In the entries below, find each line with the string "https" and copy it.

*** Opening of MATERIAL FOR THIS EXERCISE ***

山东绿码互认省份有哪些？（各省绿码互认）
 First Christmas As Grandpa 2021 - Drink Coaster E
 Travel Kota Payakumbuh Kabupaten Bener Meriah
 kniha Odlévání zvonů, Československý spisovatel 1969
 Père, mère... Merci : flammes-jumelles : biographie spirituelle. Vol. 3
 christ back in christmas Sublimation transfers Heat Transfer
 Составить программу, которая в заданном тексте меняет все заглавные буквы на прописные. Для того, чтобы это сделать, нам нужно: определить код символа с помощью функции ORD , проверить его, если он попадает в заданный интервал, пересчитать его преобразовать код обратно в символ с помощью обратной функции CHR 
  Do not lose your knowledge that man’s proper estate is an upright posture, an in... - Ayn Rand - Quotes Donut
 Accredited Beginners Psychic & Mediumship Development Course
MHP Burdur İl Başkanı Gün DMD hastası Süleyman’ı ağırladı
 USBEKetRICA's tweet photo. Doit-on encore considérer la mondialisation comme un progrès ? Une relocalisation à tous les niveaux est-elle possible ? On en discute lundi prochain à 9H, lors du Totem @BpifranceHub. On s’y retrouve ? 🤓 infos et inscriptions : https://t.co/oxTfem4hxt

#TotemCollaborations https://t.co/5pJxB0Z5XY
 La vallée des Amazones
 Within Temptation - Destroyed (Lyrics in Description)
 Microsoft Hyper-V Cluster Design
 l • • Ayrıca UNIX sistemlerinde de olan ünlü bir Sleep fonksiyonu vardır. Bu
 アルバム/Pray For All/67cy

*** Close of MATERIAL FOR THIS EXERCISE ***

EXERCISE OUTPUT ->
 USBEKetRICA's tweet photo. Doit-on encore considérer la mondialisation comme un progrès ? Une relocalisation à tous les niveaux est-elle possible ? On en discute lundi prochain à 9H, lors du Totem @BpifranceHub. On s’y retrouve ? 🤓 infos et inscriptions : https://t.co/oxTfem4hxt
#TotemCollaborations https://t.co/5pJxB0Z5XY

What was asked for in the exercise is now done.